Data supplied:
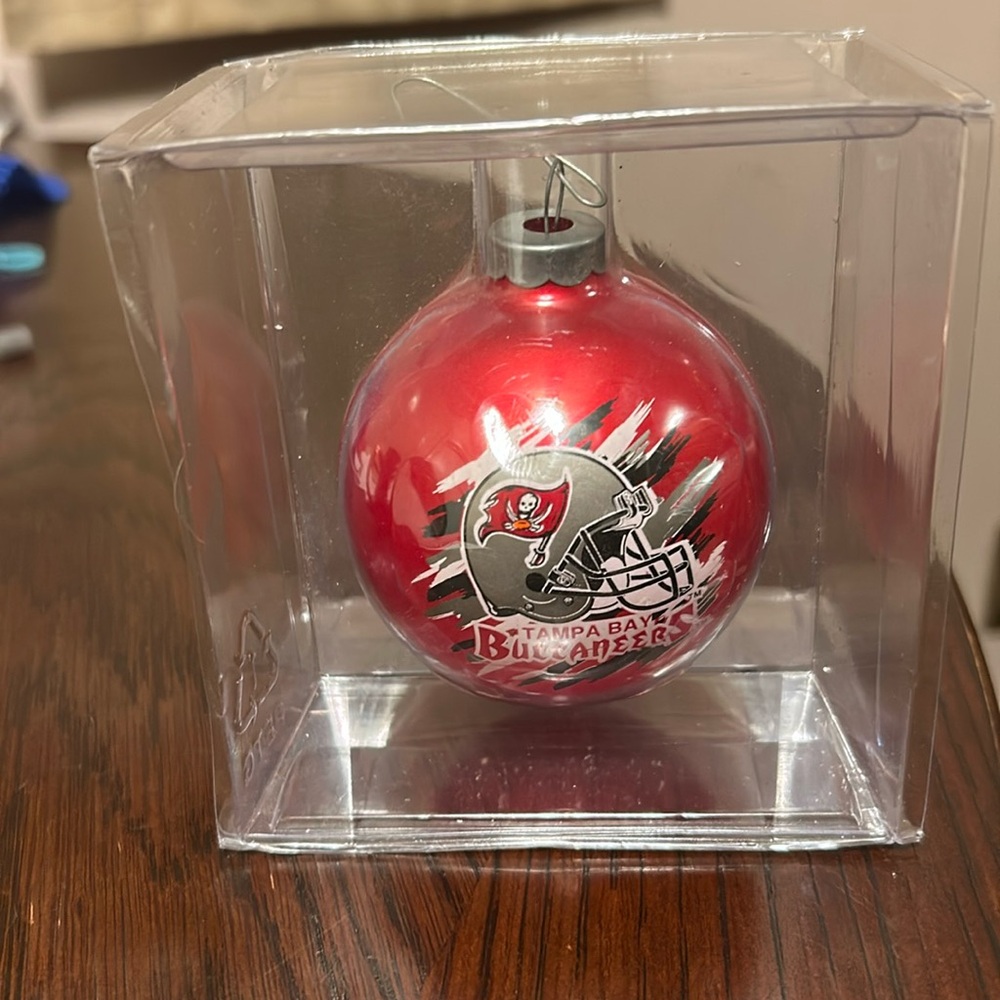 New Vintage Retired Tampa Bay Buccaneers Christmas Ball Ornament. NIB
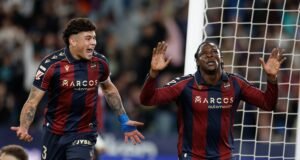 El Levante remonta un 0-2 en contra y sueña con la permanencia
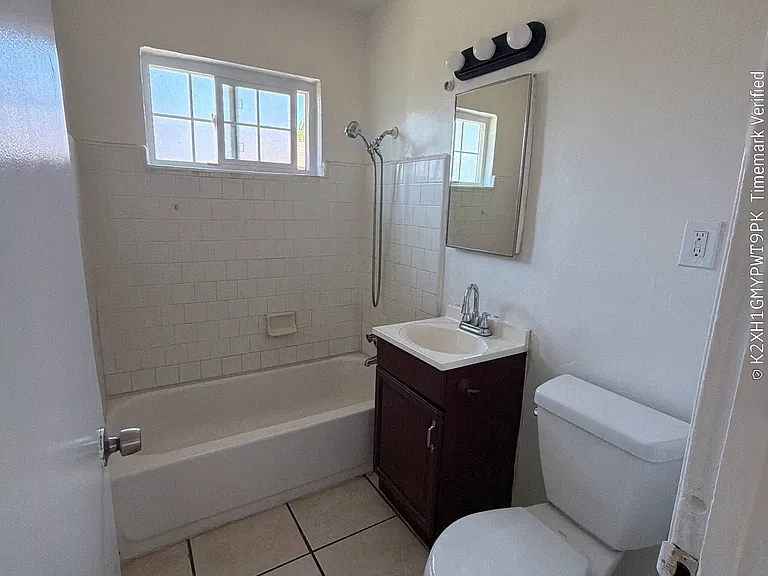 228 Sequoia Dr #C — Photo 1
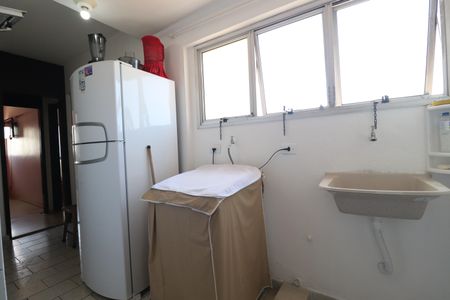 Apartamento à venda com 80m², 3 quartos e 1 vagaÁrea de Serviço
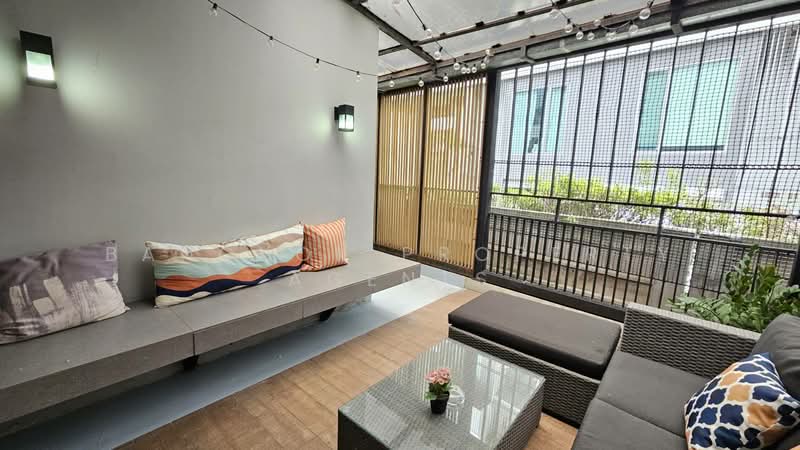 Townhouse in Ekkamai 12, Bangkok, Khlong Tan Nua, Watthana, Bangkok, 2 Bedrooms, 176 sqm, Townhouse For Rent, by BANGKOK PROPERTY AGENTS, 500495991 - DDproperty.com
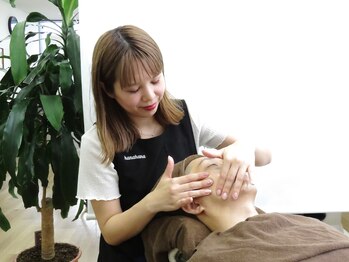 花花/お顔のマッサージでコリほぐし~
--
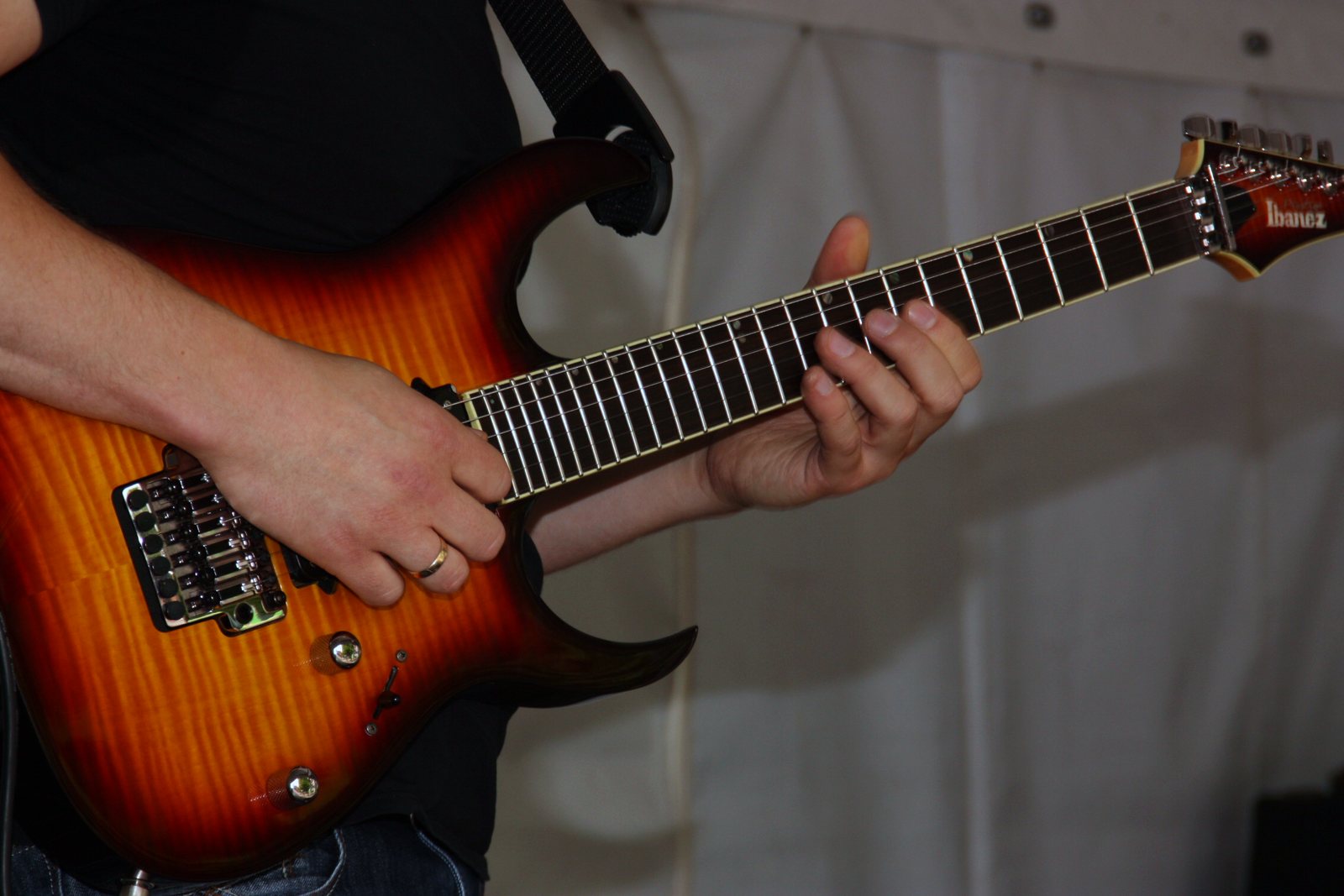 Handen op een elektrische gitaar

Assigned task: Range to copy from the listing above: the line containing "228 Sequoia Dr #C — Photo 1" down to the line containing "花花/お顔のマッサージでコリほぐし~", both included. Reproduce it exactly, minus the pictures, and add nothing.

Solution for this exercise:
 228 Sequoia Dr #C — Photo 1
 Apartamento à venda com 80m², 3 quartos e 1 vagaÁrea de Serviço
 Townhouse in Ekkamai 12, Bangkok, Khlong Tan Nua, Watthana, Bangkok, 2 Bedrooms, 176 sqm, Townhouse For Rent, by BANGKOK PROPERTY AGENTS, 500495991 - DDproperty.com
 花花/お顔のマッサージでコリほぐし~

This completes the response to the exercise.